UW-Madison Hasn’t Hired ‘Conservative Political Thought’ Professor Promised in 2023 Deal
Asked for comment, school parrots line it used a year ago

This article by University of Wisconsin-Madison senior Rebecca Draeger was originally published in The College Fix.
The University of Wisconsin-Madison has yet to hire a “conservative political thought” professor despite agreeing to do so several years ago in exchange for funding from the state legislature.
Asked about the status of the position, a campus official gave the exact same answer he provided last year to The College Fix.
“UW–Madison continues to actively work on the creation of an endowed chair in conservative political thought,” spokesman John Lucas told The Fix via email.
He said university officials “don’t have other updates to share at this time,” repeating what he told The Fix in February 2025.
However, Lucas did say “the university has hired multiple scholars with a broad range of perspectives, including those who self-identify as conservative.”
Lucas did not clarify the timeline for the university’s hiring process, define which steps the school has taken since the agreement was made, or list which organizations they reached out to identify candidates or secure funding.
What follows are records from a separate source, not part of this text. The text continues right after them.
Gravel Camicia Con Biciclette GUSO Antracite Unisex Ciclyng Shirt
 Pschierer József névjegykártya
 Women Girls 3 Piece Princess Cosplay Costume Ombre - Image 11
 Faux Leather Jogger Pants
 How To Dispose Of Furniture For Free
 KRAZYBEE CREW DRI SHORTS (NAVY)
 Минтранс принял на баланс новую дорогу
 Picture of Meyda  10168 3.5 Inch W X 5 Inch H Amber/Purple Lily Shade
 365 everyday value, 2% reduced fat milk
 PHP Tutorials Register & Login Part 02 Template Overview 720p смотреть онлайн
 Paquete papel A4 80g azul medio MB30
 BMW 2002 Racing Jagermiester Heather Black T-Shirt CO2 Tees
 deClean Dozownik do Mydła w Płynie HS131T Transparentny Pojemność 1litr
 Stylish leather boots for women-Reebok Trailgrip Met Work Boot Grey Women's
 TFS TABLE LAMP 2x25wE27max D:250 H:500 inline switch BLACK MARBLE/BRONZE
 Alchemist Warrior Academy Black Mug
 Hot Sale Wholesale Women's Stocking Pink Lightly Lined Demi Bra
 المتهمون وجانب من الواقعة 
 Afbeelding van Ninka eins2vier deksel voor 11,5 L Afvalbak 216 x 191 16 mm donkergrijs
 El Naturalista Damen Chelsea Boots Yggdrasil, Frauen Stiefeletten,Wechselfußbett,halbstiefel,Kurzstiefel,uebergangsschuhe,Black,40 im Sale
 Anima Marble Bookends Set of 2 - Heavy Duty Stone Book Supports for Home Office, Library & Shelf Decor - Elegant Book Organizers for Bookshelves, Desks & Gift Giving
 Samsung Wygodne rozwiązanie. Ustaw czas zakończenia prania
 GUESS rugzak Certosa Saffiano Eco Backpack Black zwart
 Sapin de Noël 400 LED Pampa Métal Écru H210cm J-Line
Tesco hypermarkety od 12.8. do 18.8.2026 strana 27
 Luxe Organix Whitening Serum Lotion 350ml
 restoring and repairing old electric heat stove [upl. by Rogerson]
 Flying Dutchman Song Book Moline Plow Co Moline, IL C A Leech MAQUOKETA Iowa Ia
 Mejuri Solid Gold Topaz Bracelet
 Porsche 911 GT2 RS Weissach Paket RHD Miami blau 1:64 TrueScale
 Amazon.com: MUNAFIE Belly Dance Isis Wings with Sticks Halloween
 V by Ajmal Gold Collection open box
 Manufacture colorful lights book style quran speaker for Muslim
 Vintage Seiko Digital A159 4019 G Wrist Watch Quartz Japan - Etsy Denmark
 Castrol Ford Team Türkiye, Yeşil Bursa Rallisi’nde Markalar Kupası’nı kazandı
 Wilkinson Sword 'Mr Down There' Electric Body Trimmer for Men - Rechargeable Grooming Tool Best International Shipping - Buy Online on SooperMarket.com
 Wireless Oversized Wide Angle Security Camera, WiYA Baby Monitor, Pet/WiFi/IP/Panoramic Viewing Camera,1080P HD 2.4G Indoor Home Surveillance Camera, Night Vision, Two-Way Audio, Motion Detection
As previously reported by The Fix, UW-Madison agreed to the deal as part of a broader $800 million funding agreement between the regents for the University of Wisconsin system and state legislative leaders that also included cuts to “diversity, equity, and inclusion” programming.
In exchange, the university system received money for pay raises, and UW-Madison specifically received $347 million for a new engineering building.
The deal, first passed in December 2023, requires the university to create an “endowed chair to focus on conservative political thought, classical economic theory, or classical liberalism.”
The 2023 agreement was, in part, a reaction to a survey that found most UW–Madison students were afraid to express their views on controversial topics in class. Students identifying as “conservative” and “very conservative” were especially likely to self-censor.
About 40 percent of survey respondents said they were worried their grades would suffer if they spoke up.
Later, a 2024 analysis by political science professor Alexander Tahk found that “over 99% of political dollars contributed by UW faculty went to Democrats and left-wing groups over the past decade.”
They found that the odds of a UW–Madison humanities or social science professor making a political donation to a Republican were 1 in 530.
Higher ed experts weigh in on potential bias at UW-Madison
Several higher education experts recently spoke on campus about “scholar-activist faculty hiring,” and gave comments afterward to The Fix about potential bias in the university’s hiring system.
The Center for Research on the Wisconsin Economy, the Tommy G. Thompson Center, and the Center for the Study of Liberal Democracy sponsored the March 4 event.
A former University of Wisconsin regent said hiring processes must be fixed to weed out bias.
University hiring practices “have to become less biased and homogeneous,” Free Speech for Campus President Tim Higgins told The Fix in person after the UW-Madison event hosted by several centers on campus. The former University of Wisconsin regent said the Madison campus tends to “hire woke people.”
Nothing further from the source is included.